Hailing from the Blue Ridge Mountains of western North Carolina, in the county of Madison, Walter Callahan, born January 27, 1910, and his brother Homer, born March 27, 1912, grew up surrounded by the rich musical culture of the mountain folks.  As they were in adolescence, the soon-to-be-famous Jimmie Rodgers was getting his start singing on the radio in nearby Asheville, and in the year of the Singing Brakeman’s demise, 1933, the Callahans got their own big break in the very same town.  While singing and yodeling at an Asheville music festival, the brothers were discovered by a talent scout for the American Record Corporation, who invited them to New York for a session.  They obliged, and had their first record date on January 2, 1934, a session which produced a hit with “She’s My Curly Headed Baby”.  With a two-guitar accompaniment and a repertoire consisting of old sentimental songs such as “Maple On the Hill” to hokums like “Somebody’s Been Using That Thing” to straight blues like “St. Louis Blues”, they were able to produce a string of decently selling records during the times of economic depression.  In addition to their work as a duet, the brothers also each recorded solo.  Around the time of their recording debut, the duo also began appearing on Asheville’s WWNC, soon moving to WHAS in Louisville, and then to WWVA in Wheeling, West Virginia.  Walter retired back home for a brief period in the late 1930s, leaving brother Homer to continue solo for a time.

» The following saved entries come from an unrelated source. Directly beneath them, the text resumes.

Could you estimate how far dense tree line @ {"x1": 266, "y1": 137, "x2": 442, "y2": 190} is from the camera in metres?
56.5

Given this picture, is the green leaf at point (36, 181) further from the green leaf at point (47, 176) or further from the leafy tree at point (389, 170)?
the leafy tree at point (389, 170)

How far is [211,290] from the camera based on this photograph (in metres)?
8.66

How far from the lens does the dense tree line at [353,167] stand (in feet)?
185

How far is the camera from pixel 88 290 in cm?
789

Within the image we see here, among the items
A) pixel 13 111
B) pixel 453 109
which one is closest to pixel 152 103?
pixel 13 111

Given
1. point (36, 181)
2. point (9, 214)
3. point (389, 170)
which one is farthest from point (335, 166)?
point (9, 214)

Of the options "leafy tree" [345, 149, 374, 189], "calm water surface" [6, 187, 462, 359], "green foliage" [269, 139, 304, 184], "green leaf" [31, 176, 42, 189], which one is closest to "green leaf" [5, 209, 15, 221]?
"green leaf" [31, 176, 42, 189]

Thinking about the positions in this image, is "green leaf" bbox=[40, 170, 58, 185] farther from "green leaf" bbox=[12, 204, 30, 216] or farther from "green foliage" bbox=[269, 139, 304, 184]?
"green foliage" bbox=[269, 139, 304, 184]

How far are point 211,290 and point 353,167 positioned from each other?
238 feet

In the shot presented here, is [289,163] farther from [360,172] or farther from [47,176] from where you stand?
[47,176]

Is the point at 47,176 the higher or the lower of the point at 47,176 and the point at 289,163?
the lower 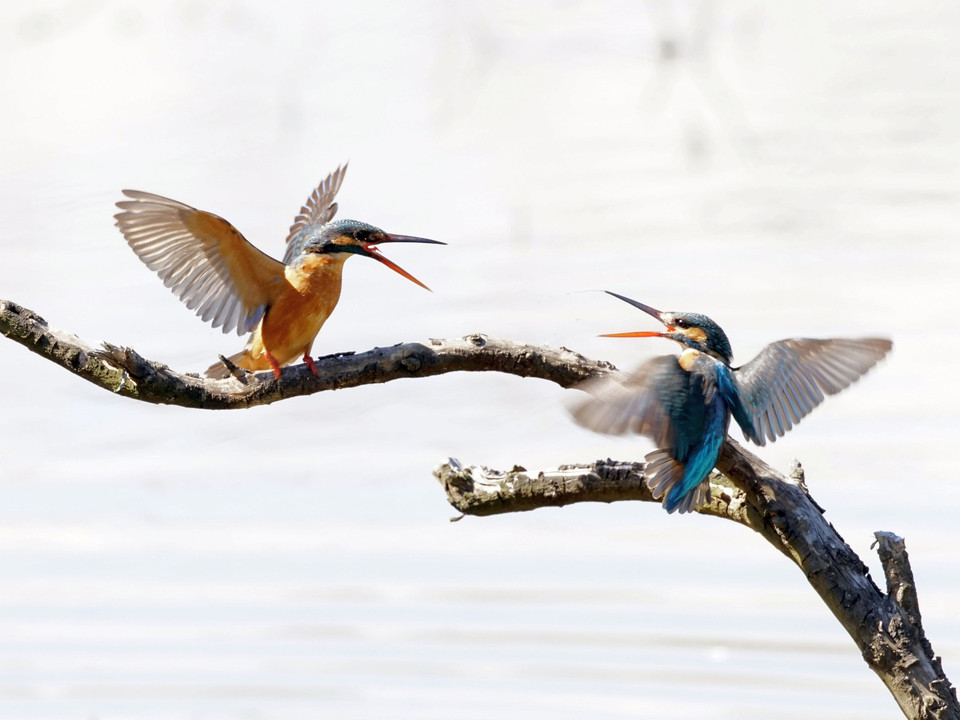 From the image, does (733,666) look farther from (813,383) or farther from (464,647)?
(813,383)

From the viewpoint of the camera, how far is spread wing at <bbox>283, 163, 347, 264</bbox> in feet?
13.3

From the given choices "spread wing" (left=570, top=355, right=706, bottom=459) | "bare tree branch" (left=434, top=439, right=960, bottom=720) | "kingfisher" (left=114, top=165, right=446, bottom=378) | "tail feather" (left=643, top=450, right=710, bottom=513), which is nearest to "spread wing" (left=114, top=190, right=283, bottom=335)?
"kingfisher" (left=114, top=165, right=446, bottom=378)

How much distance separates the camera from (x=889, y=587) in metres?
2.90

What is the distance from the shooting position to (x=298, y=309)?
3.54m

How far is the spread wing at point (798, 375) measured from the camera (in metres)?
3.04

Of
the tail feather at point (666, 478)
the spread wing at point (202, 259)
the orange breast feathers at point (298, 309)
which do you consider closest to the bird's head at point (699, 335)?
the tail feather at point (666, 478)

Reunited at the end of the 1930s, Walter and Homer changed their names to Joe and Bill, respectively, and went to Texas to begin performing on KRLD in Dallas.  There, they became early members of the station’s Big D Jamboree when it debuted in the late 1940s.  They also recorded transcriptions to be played on the Mexican border blaster stations, bringing their music to an even wider audience.  In 1945, they made an appearance with Jimmy Wakely in the Western movie Springtime in Texas.  They continued singing on the radio and on records into the 1950s.  Also in the 1950s, Homer/Bill worked as manager to Lefty Frizzell.  Walter/Joe retired back home once again by the end of that decade, this time for keeps, and became a grocer.  He died in North Carolina on September 10, 1971.  Homer stayed in Texas and in music for the rest of his long life, which came to an end on September 12, 2002.

Conqueror 8274 was recorded In New York City on January 3 and 2, 1934, respectively, the Callahans’ first sessions.  Homer and Walter Callahan sing and yodel, accompanied by their own two guitars.

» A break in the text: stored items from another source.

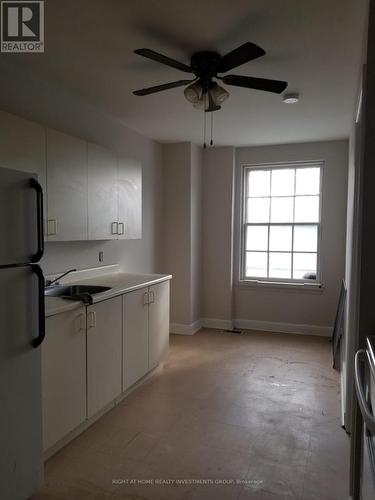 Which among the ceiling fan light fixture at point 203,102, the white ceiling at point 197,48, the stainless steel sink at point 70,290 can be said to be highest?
the white ceiling at point 197,48

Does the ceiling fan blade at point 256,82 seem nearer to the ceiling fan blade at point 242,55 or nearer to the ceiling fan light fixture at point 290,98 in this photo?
the ceiling fan blade at point 242,55

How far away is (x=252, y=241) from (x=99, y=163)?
9.06ft

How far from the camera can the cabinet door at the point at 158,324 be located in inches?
131

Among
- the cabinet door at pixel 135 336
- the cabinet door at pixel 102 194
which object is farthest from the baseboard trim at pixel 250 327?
the cabinet door at pixel 102 194

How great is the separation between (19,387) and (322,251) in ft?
13.2

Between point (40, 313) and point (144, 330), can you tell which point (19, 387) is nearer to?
point (40, 313)

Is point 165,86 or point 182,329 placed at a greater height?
point 165,86

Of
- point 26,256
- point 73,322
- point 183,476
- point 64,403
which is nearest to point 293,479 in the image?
point 183,476

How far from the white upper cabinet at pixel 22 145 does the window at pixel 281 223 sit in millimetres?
3243

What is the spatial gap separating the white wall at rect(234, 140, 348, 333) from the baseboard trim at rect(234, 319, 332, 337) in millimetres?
14

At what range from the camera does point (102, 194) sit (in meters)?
3.10

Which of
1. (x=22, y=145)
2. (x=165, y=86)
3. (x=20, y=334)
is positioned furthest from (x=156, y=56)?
(x=20, y=334)

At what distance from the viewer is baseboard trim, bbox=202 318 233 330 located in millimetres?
5090

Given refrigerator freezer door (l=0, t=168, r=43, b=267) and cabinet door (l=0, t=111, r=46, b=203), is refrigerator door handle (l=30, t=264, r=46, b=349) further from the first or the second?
cabinet door (l=0, t=111, r=46, b=203) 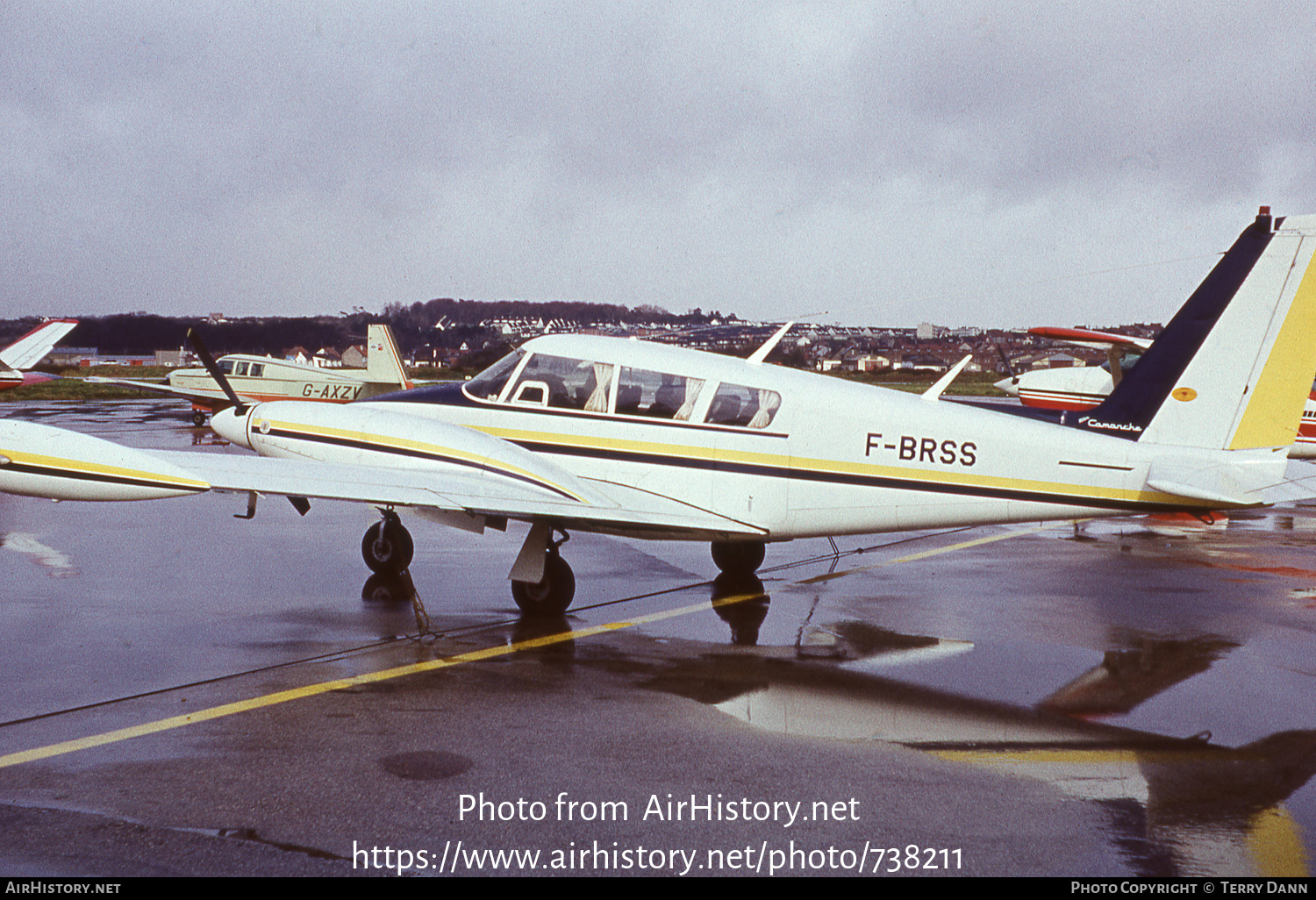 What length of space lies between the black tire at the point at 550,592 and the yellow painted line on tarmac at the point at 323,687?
53cm

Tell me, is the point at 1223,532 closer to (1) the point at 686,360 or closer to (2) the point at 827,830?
(1) the point at 686,360

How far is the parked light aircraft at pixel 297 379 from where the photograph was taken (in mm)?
35062

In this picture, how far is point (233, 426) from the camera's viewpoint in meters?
10.6

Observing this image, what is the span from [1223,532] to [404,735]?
1431 cm

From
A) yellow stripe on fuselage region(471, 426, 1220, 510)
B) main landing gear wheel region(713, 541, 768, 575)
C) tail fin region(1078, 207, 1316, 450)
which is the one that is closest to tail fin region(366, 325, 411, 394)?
main landing gear wheel region(713, 541, 768, 575)

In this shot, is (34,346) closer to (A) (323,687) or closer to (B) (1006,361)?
(A) (323,687)

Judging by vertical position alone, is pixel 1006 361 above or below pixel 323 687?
above

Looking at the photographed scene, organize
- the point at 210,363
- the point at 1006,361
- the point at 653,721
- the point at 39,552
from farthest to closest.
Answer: the point at 1006,361, the point at 210,363, the point at 39,552, the point at 653,721

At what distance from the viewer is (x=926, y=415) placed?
8758 mm

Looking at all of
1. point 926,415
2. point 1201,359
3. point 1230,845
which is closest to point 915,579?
point 926,415

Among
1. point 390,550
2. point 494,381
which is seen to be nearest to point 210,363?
point 390,550

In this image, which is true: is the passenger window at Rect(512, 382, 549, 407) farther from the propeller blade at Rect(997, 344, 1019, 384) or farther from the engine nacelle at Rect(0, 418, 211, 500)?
the propeller blade at Rect(997, 344, 1019, 384)

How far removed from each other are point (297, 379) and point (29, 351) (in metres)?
8.11

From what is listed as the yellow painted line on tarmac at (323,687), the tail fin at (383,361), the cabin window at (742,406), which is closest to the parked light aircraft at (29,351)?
the tail fin at (383,361) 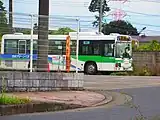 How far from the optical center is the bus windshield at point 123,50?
115 feet

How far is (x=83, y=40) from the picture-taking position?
35156 mm

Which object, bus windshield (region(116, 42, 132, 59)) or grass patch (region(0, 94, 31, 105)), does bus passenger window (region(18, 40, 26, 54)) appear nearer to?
grass patch (region(0, 94, 31, 105))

From the second day of the Callahan Brothers’ first sessions, the duo sings and yodels the lonesome song “I Don’t Want to Hear Your Name”.

I Don’t Want to Hear Your Name, recorded January 3, 1934 by the Callahan Brothers.

On the reverse, the brothers sing a hot hillbilly take on W.C. Handy’s famous “St. Louis Blues”, cut on their first record date.

St. Louis Blues, recorded January 2, 1934 by the Callahan Brothers.